Captioned web image data
↓↓↓
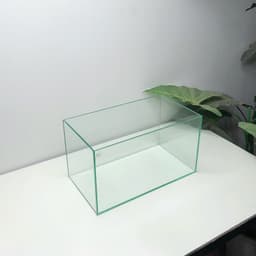 Bể Kính Thuỷ Sinh Mini Kích Thước 30x17x17cm Trang Trí Bàn Làm Việc | RF Aquarium 5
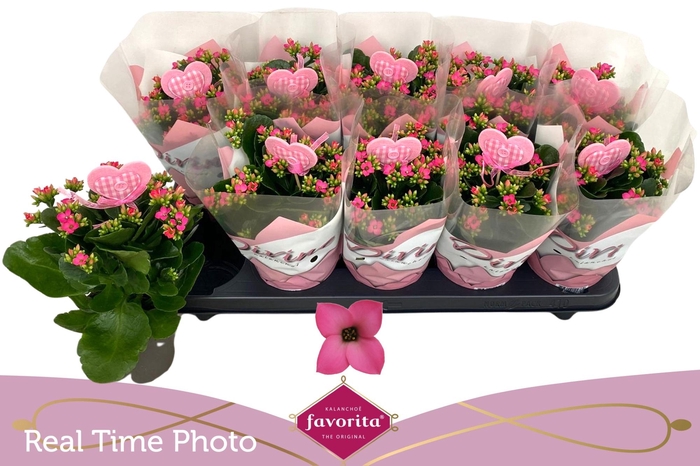 <h4>KAL EN BEL ROSA PINK</h4>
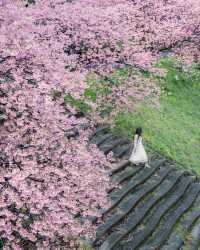 河津桜と熱海桜🌸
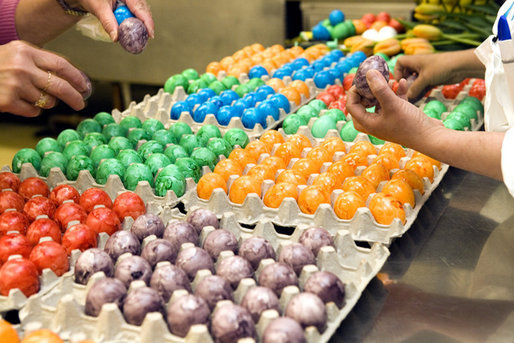 White House staff carefully inspect the hundreds of colorful Easter Eggs, Friday, April 14, 2006 in the White House kitchen, being prepared for Monday's annual White House Easter Egg Roll on the South Lawn of the White House. White House photo by Shealah Craighead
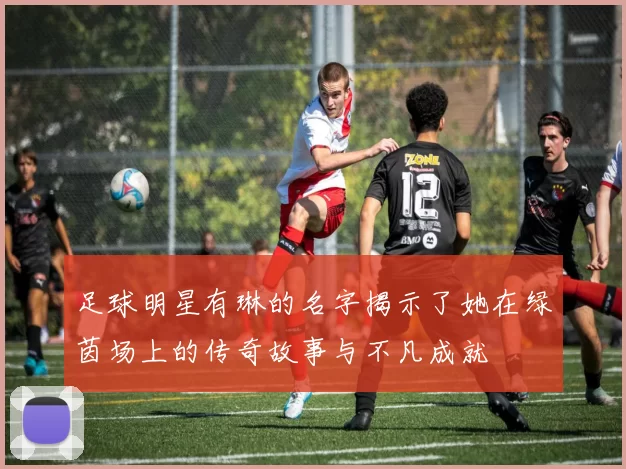 足球明星有琳的名字揭示了她在绿茵场上的传奇故事与不凡成就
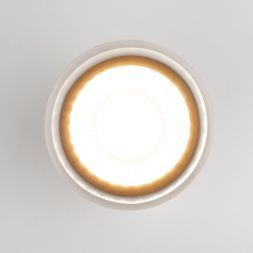 Уличный потолочный светильник Light LED 2107 IP54 Elektrostandard 35140/H белый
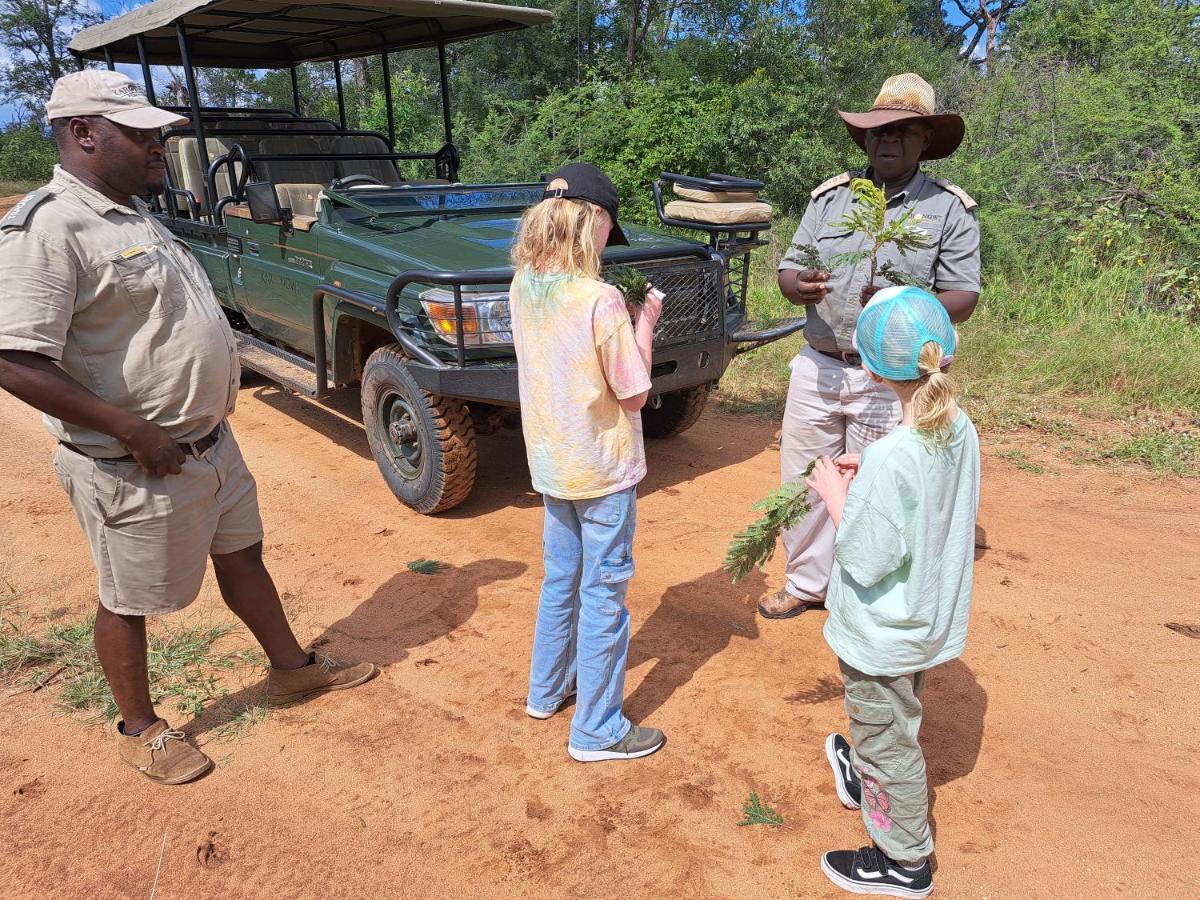Karongwe Portfolio- Shiduli Private Game Lodge *
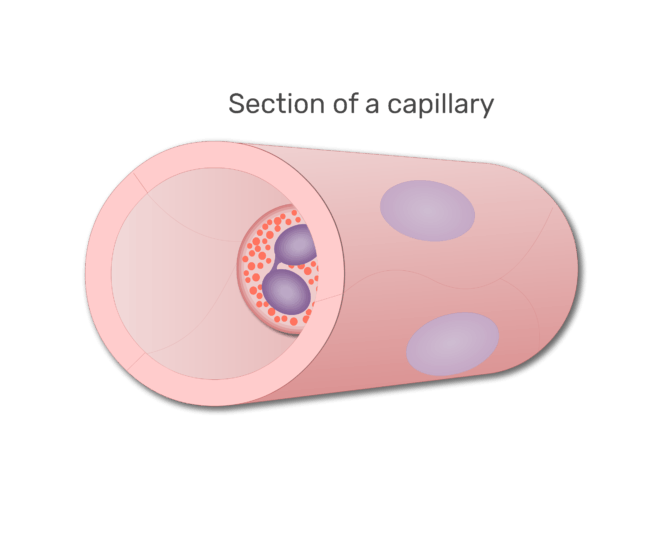 An eosinophil in a section of capillary animation slide 2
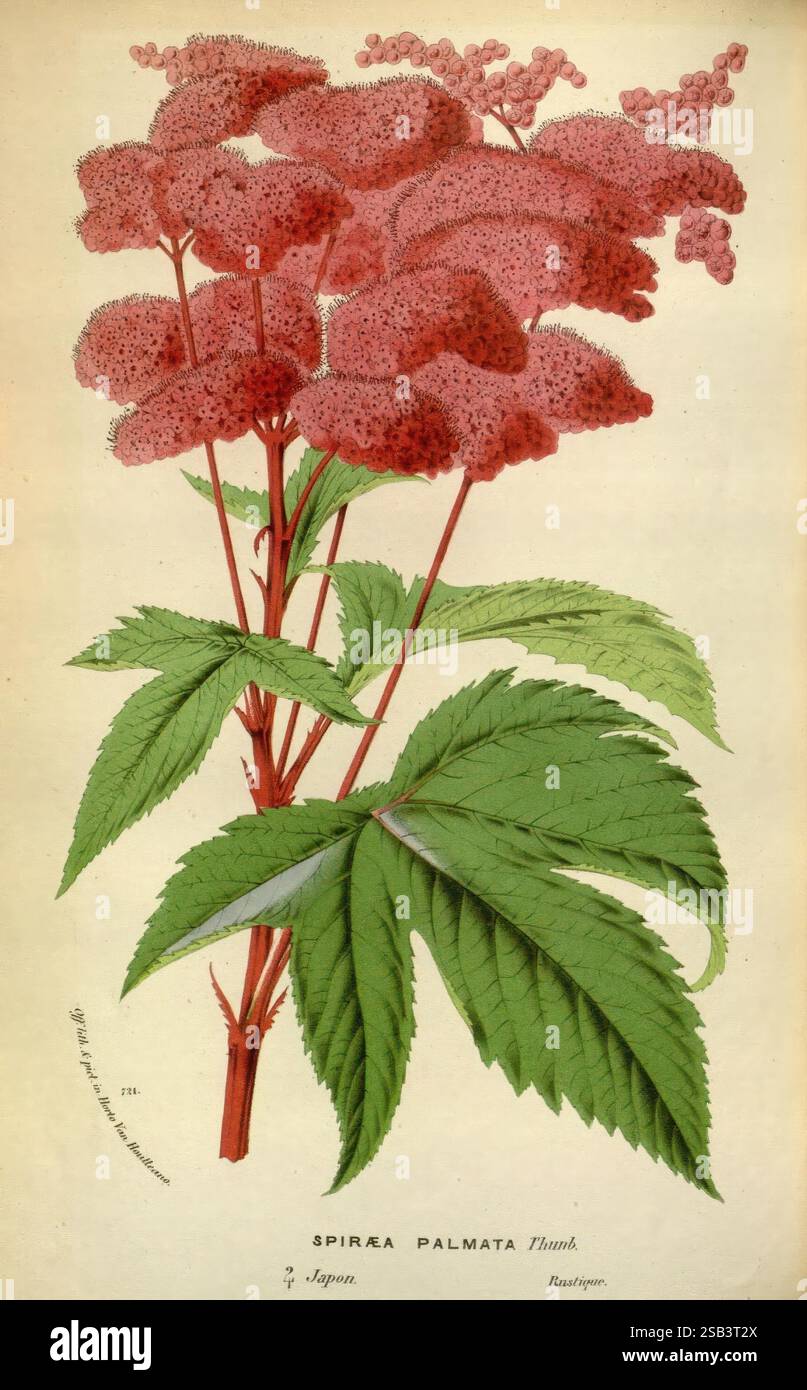 Flore des serres et des jardins de l'Europe, A Gand, chez Louis van Houtte, éditeur, 1845-1880, taxonomy: family= Rosaceae, flowers, botany, taxonomy: kingdom= Plantae, Spiraea palmata, Filipendula rubra, Queen of the prairie, An intricate illustration of Spiraea palmata, showcasing its delicate clusters of feathery pink flowers atop verdant green foliage. The flowers, composed of numerous tiny blossoms, create a soft, textured appearance, while the leaves exhibit a rich, detailed pattern with prominent veins. The artwork is labeled with the species name and hints at its origins from Japan, ca Stock Photo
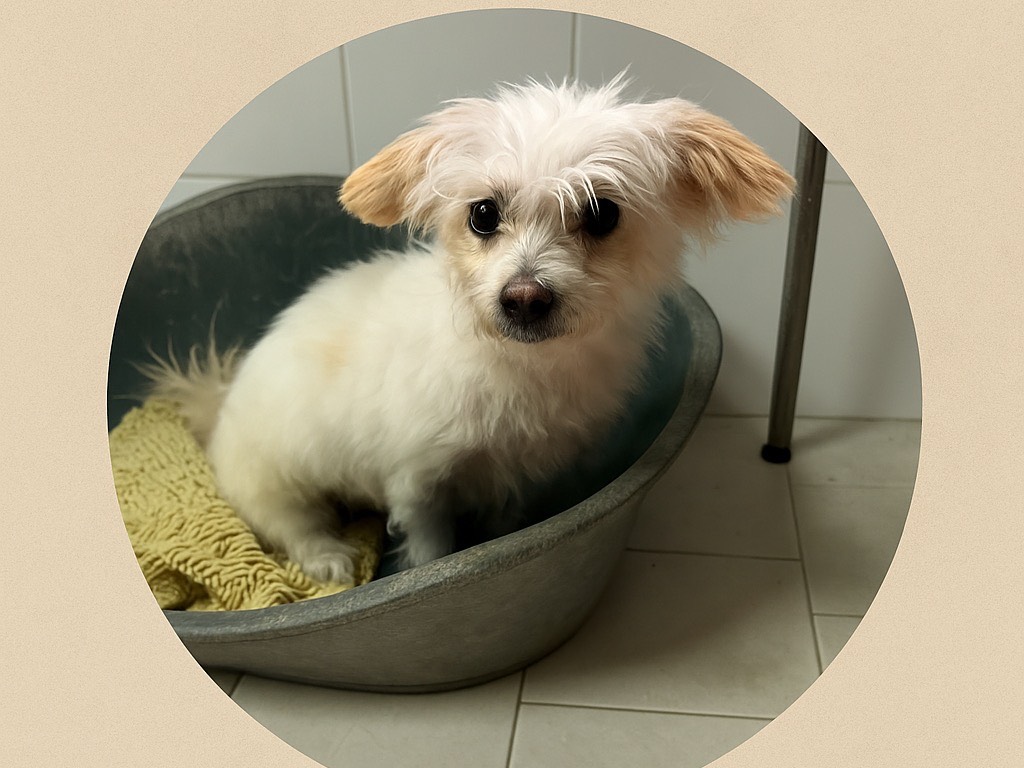 Adozione cane, femmina, Maltese Razza sconosciuta, 3 anni e 3 mesi, taglia piccola, Caserta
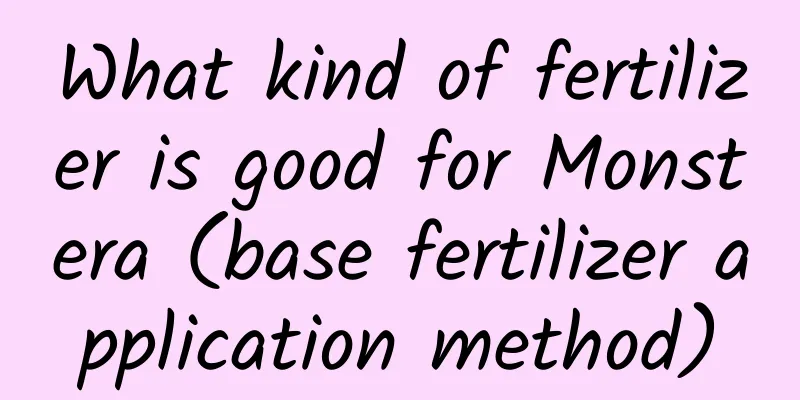 What kind of fertilizer is good for Monstera (base fertilizer application method)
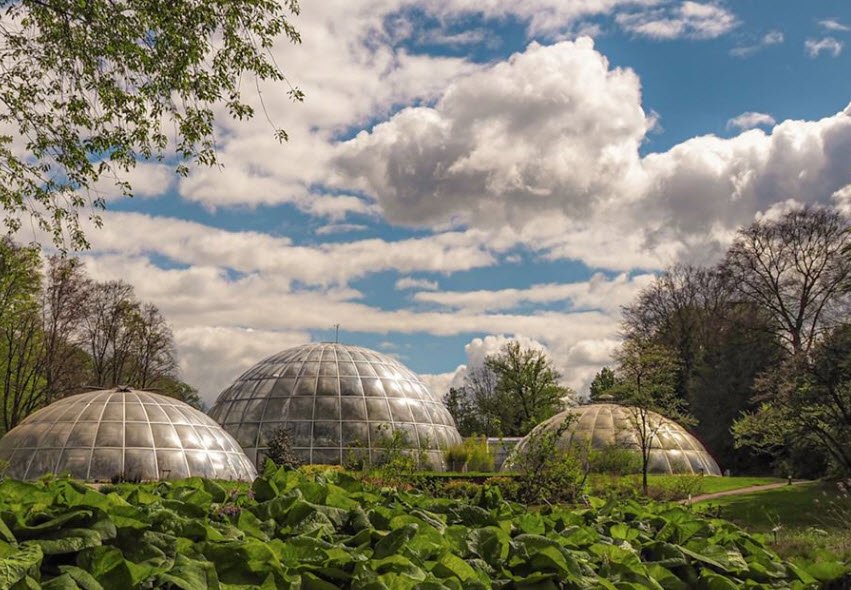 Arboretum Zürich, Switzerland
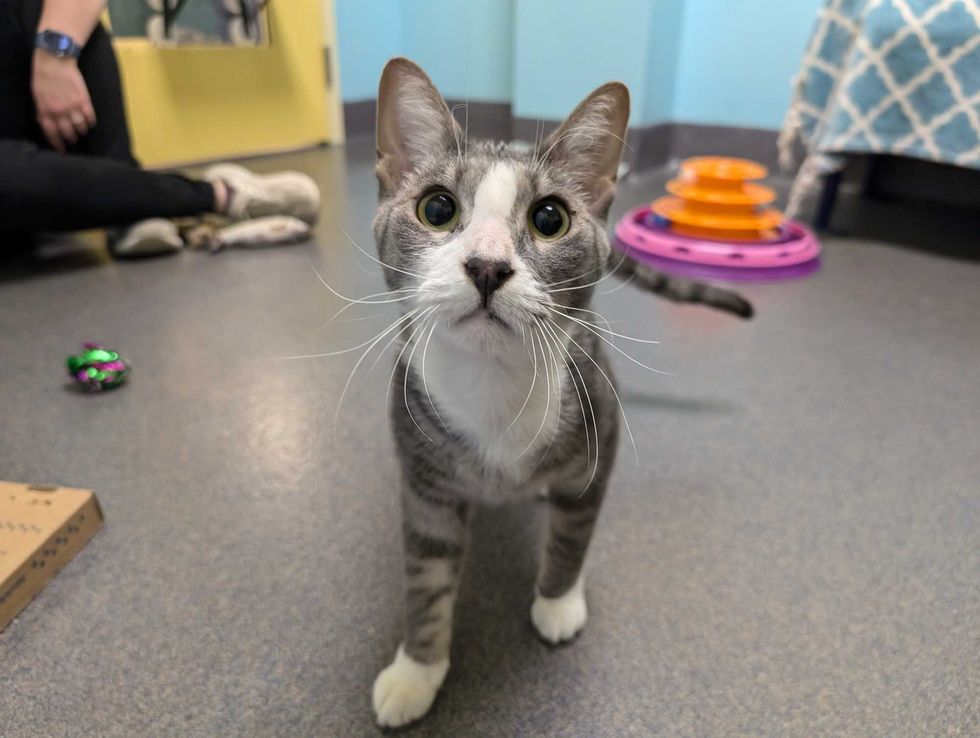 Adopt Don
↑↑↑
■ TASK OBJECTIVE ■
Output each entry exactly. Skip the pictures.

■ OUTPUT FOR THIS TASK ■
 Bể Kính Thuỷ Sinh Mini Kích Thước 30x17x17cm Trang Trí Bàn Làm Việc | RF Aquarium 5
 <h4>KAL EN BEL ROSA PINK</h4>
 河津桜と熱海桜🌸
 White House staff carefully inspect the hundreds of colorful Easter Eggs, Friday, April 14, 2006 in the White House kitchen, being prepared for Monday's annual White House Easter Egg Roll on the South Lawn of the White House. White House photo by Shealah Craighead
 足球明星有琳的名字揭示了她在绿茵场上的传奇故事与不凡成就
 Уличный потолочный светильник Light LED 2107 IP54 Elektrostandard 35140/H белый
Karongwe Portfolio- Shiduli Private Game Lodge *
 An eosinophil in a section of capillary animation slide 2
 Flore des serres et des jardins de l'Europe, A Gand, chez Louis van Houtte, éditeur, 1845-1880, taxonomy: family= Rosaceae, flowers, botany, taxonomy: kingdom= Plantae, Spiraea palmata, Filipendula rubra, Queen of the prairie, An intricate illustration of Spiraea palmata, showcasing its delicate clusters of feathery pink flowers atop verdant green foliage. The flowers, composed of numerous tiny blossoms, create a soft, textured appearance, while the leaves exhibit a rich, detailed pattern with prominent veins. The artwork is labeled with the species name and hints at its origins from Japan, ca Stock Photo
 Adozione cane, femmina, Maltese Razza sconosciuta, 3 anni e 3 mesi, taglia piccola, Caserta
 What kind of fertilizer is good for Monstera (base fertilizer application method)
 Arboretum Zürich, Switzerland
 Adopt Don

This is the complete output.